Transceiver nodes could be connected to cable segments with N connectors, or via a vampire tap, which allowed new nodes to be added while existing connections were live. A vampire tap clamped onto the cable, forcing a spike to pierce through the outer shielding to contact the inner conductor while other spikes bit into the outer braided shield. Care was required to keep the outer shield from touching the spike; installation kits included a "coring tool" to drill through the outer layers and a "braid pick" to clear stray pieces of the outer shield.
Transceivers could be installed only at precise 2.5-metre intervals. This distance was chosen to not correspond to the wavelength of the signal; this ensured that the reflections from multiple taps were not in phase. These suitable points were marked on the cable with black bands. The cable was required to be one continuous run; T-connections were not allowed.
As is the case with most other high-speed buses, segments must be terminated at each end. For coaxial-cable-based Ethernet, each end of the cable had a 50 ohm resistor attached. Typically this resistor was built into a male N connector and attached to the end of the cable just past the last device.

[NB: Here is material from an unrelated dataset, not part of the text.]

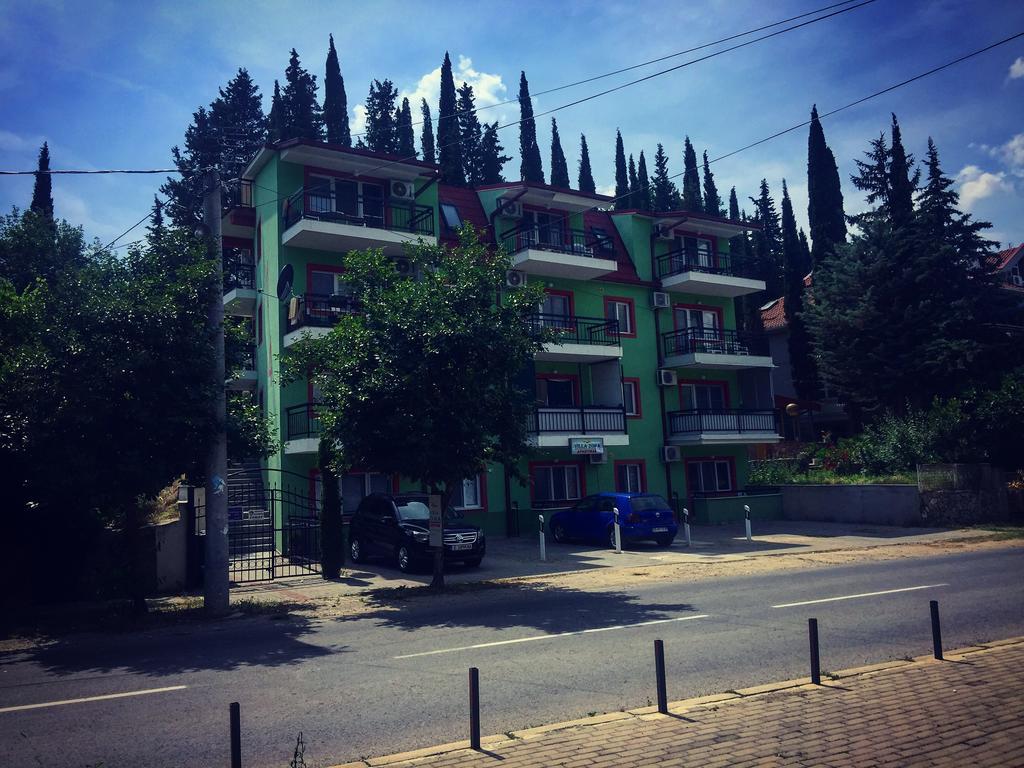 סטאר דויירן Apartments Villa Zora מראה חיצוני תמונה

With termination missing, or if there was a break in the cable, the signal on the bus would be reflected, rather than dissipated when it reached the end. This reflected signal is indistinguishable from a collision, and so no communication was possible.
Adding new stations to network was complicated by the need to accurately pierce the cable. The cable was stiff and difficult to bend around corners. One improper connection could take down the whole network and finding the source of the trouble was difficult.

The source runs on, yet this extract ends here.